Spencer Tracy hated being in the movie, calling it "one of the worst pictures ever made anywhere, anytime." He was in a personal miserable state when making the film, drinking much of the time and failing to show up on the set for days. When he did come in, Tracy was an angry, ill-tempered actor who sometimes fell asleep during days of filming from the effects of his hangovers. One afternoon he was sleeping on a set that looked like an apartment. Studio staffers locked the stage door so he couldn't get out. It was reported Tracy was so mad when he found himself locked in he destroyed the set. Fox billed him for all the damage he caused during his rampage.

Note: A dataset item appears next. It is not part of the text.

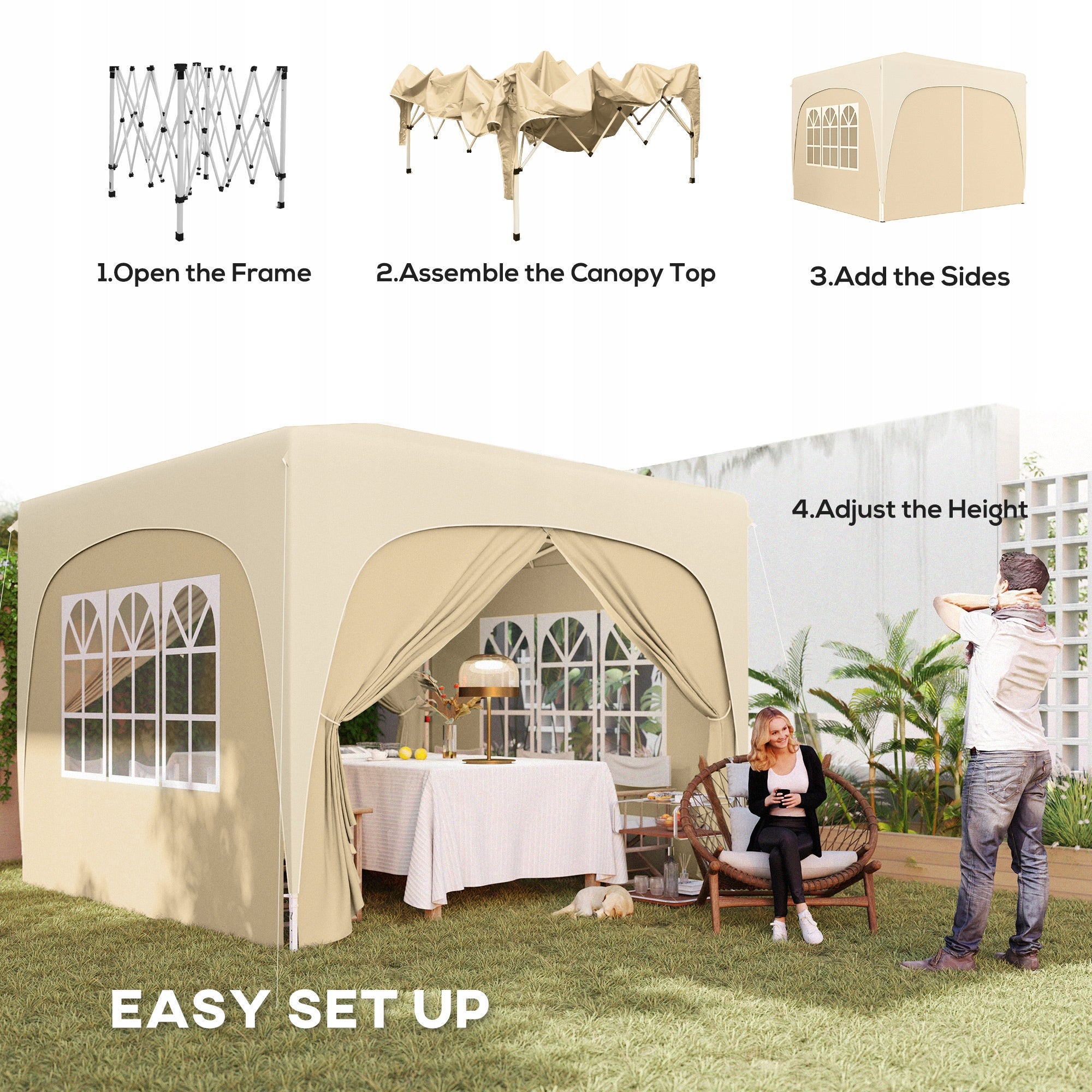 Outsunny Pavilion 3x3m, waterproof, stable, winter, foldable Manufacturer Outsunny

"Dante's Inferno" also was the first credited role of Rita Hayworth, named Rita Cansino at the time. She appears as a dance partner in the casino liner Carter operates. The 16-year-old's dancing is flawless, testimony of her upbringing where, she said, "From the time I was three and a half, as soon as I could stand on my own feet, I was given dance lessons. I didn't like it very much, but I didn't have the courage to tell my father, so I began taking the lessons. Rehearse, rehearse, rehearse, that was my girlhood." Her father Eduardo Cansino relocated from Brooklyn, New York, to Hollywood in 1927 to form a dance studio, and had clients such as James Cagney and Jean Harlow. At 12, she and her father formed the duo the Dancing Cansinos, and worked across the border in Tijuana, Mexico, nightclubs since she was lawfully too young to be employed in bars in the states. Rita dropped out of school after the ninth grade because of her busy work schedule.

Tracy later praised Hayworth's high status in Hollywood despite beginning her movie career in the worst film he ever made, remarking, "The fact that she survived in films after that screen debut is testimony that she deserves all the recognition she's getting now." The actor was glad leaving Fox for MGM soon after the movie was completed. Meanwhile Fox's name is now part of the Twentieth Century-Fox Film Corporation, getting its new extended title after "Dante's Inferno" rolled out of the studio's lot.